Do this: Eat inflammation-fighting foods, like wild-caught salmon, broccoli, avocados and green tea.


If you’re tempted to fast because you feel guilty about eating lots of sugar the day before, you can fall into eating disorder-like patterns where you binge, fast, and then binge again. That’s not a cycle you want to go down.

Do this: Eat at regular intervals, listening to your body and eating only when hungry, and only until you’re comfortable.


Quality fats and proteins will fill you up and decrease cravings. They’ll also help you replenish testosterone and other sex hormones that took a hit from all the sugar. Eat foods like grass-fed meat, wild-caught salmon, pastured eggs, and coconut oil.

Fiber will help you build stable energy and decrease cravings by regulating your blood sugar. Fiber also feeds beneficial gut bacteria that may have been hurt by sugar. Eat extra veggies to make sure you’re getting lots of fiber. Best bets include asparagus, broccoli, carrots, cucumber, celery, leafy greens and sweet potatoes.

Antioxidants will help your body deal with systemic inflammation and repair itself. Coffee is an amazing source of antioxidants, as is green tea and colorful veggies like red cabbage and Swiss chard. Blackberries and raspberries are also packed with antioxidants.

Choose foods from the green zone of the Bulletproof Diet Roadmap to get your body back on track. These superfood picks are low-inflammation foods that nourish your system and don’t mess with your blood sugar.


Sugar lights up addictive reward pathways in your brain and will inevitably cause withdrawal and cravings in the days following a binge. Make sure you stock your kitchen with quality snacks to nip those cravings in the bud before they seduce you into another sugar binge.

Sugar cravings come on fast and sap your energy, so high-fat snacks that you can eat immediately are a good choice. A few options are:

  • Dark chocolate (85% or darker)
  • Grass-fed hot dogs
  • Pastured salami or pepperoni
  • Guacamole
  • Grass-fed meat sticks, jerky, or bars
  • High-fat nuts like macadamias or almonds, preferably raw

You’ll also want to clear your pantry of all high-carb snacks to reduce temptation.

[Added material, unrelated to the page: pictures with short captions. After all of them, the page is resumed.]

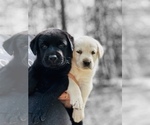 Small #3 Labrador Retriever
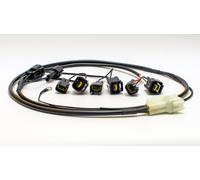 HEALTECH CAMBIO ELETTRONICO CABLAGGIO TRIUMPH SPRINT ST 955 1999-2000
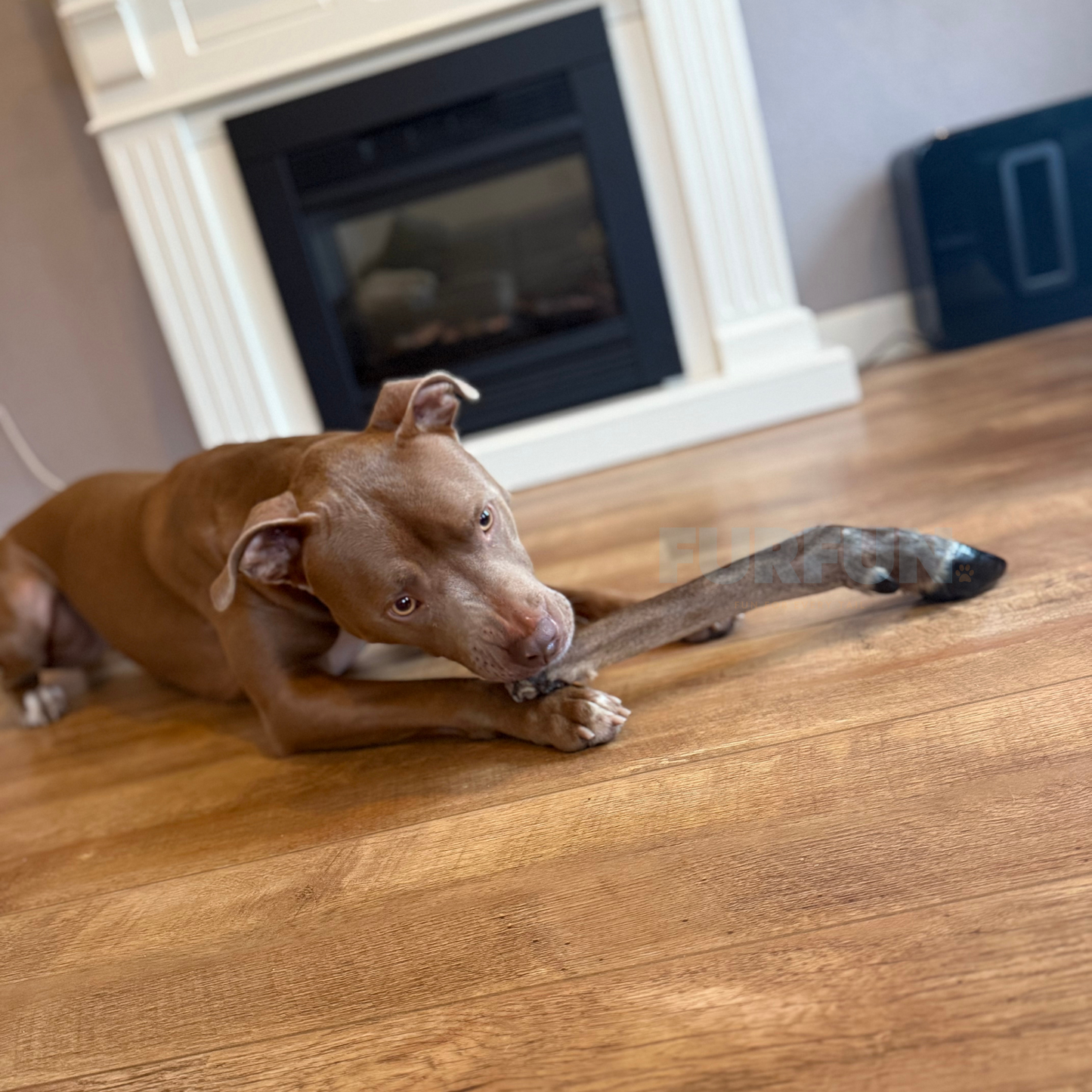 FurFun Hirschbein mit Haaren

Even if you feel like a beached whale, do some kind of exercise after eating too much sugar. Hit the gym, do some high-intensity interval training, or just go for a long walk. Exercise stabilizes your blood sugar and helps you burn through glycogen stores faster, and psychologically, it helps you get back to your high-performance routine after you break it. It can be tough to exercise during or on the heels of a high-sugar day, but you’ll feel much better afterward.

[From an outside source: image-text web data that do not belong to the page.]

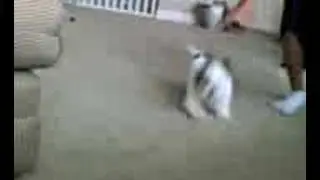 Video from My Phone (08-28-06_1358.3gp)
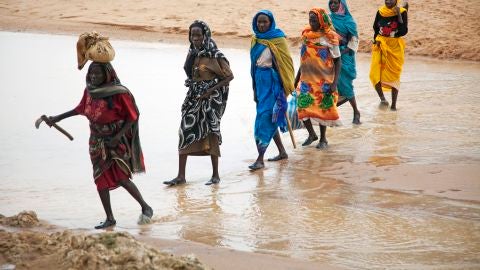 Mujeres sudanesas recogen le&ntilde;a 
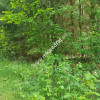 Działka 5000 m² Piotrkowice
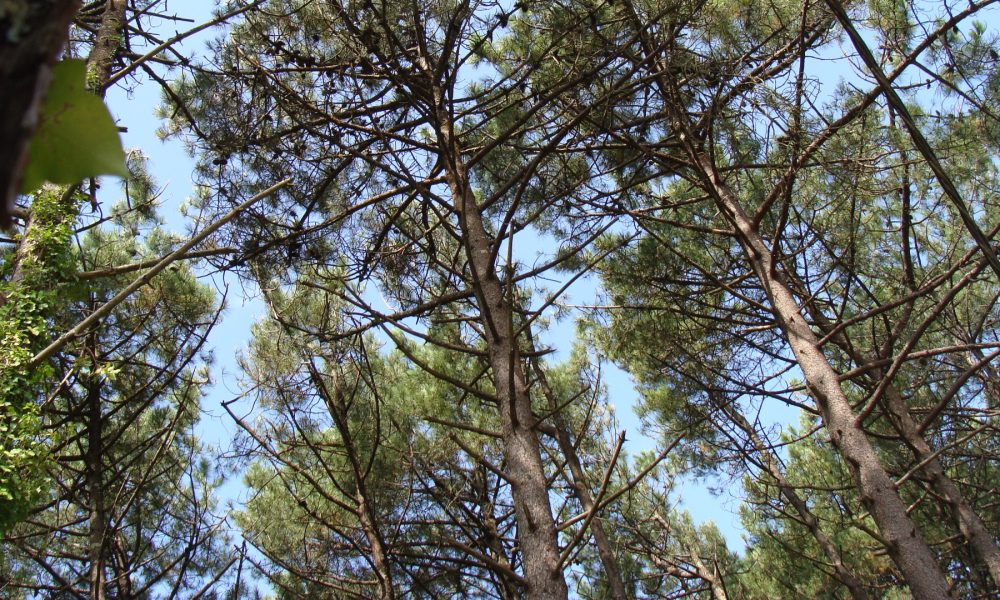 un-repaso-a-los-principales-datos-del-sector-forestal-1920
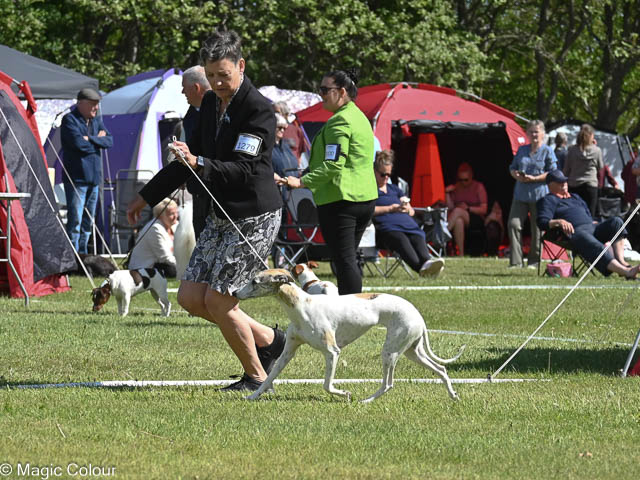 Kennel Magic Colour whippet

Above all else, remember that diet exists on a spectrum. You don’t have to eat perfectly all the time. The occasional sugar binge is worth it sometimes. Accept that you won’t feel your best for a couple days afterward and enjoy yourself. And when you do go wild with the low-quality food, keep this sugar detox guide handy. It’ll help you get back on your feet as quickly as possible.